Carlos Vicente

Personal information
- Nationality: Spanish
- Born: 18 November 1971 (age 54)

Sport
- Sport: Cross-country skiing

= Carlos Vicente (skier) =

Spanish cross-country skier (born 1971)

Carlos Vicente (born 18 November 1971) is a Spanish cross-country skier. He competed at the 1992 Winter Olympics and the 1994 Winter Olympics.

== Career ==
Vicente first appeared internationally in the 1990/91 season. At the 1991 Junior World Ski Championships in Reit im Winkl, he finished 25th over 10 km classical, 19th over 30 km freestyle and 15th in the relay. At the 1991 Nordic World Ski Championships in Val di Fiemme, he finished 64th over 15 km freestyle, 58th over 10 km classical and 14th in the relay.

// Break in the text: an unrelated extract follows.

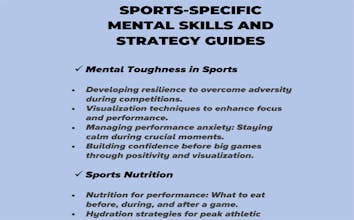 Digital Product Ideas for 2025/2026 gallery image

At the 1992 Winter Olympics in Albertville, he placed 58th in the pursuit, 57th over 30 km classical and 56th over 10 km classical. He also finished 14th in the relay together with Jordi Ribó, Antonio Cascos and Juan Jesús Gutiérrez. The following year, at the 1993 Nordic World Ski Championships in Falun, he placed 55th over 30 km classical.

At the 1994 Winter Olympics in Lillehammer, he finished 44th over 10 km classical, 42nd over 50 km classical and 32nd in the pursuit.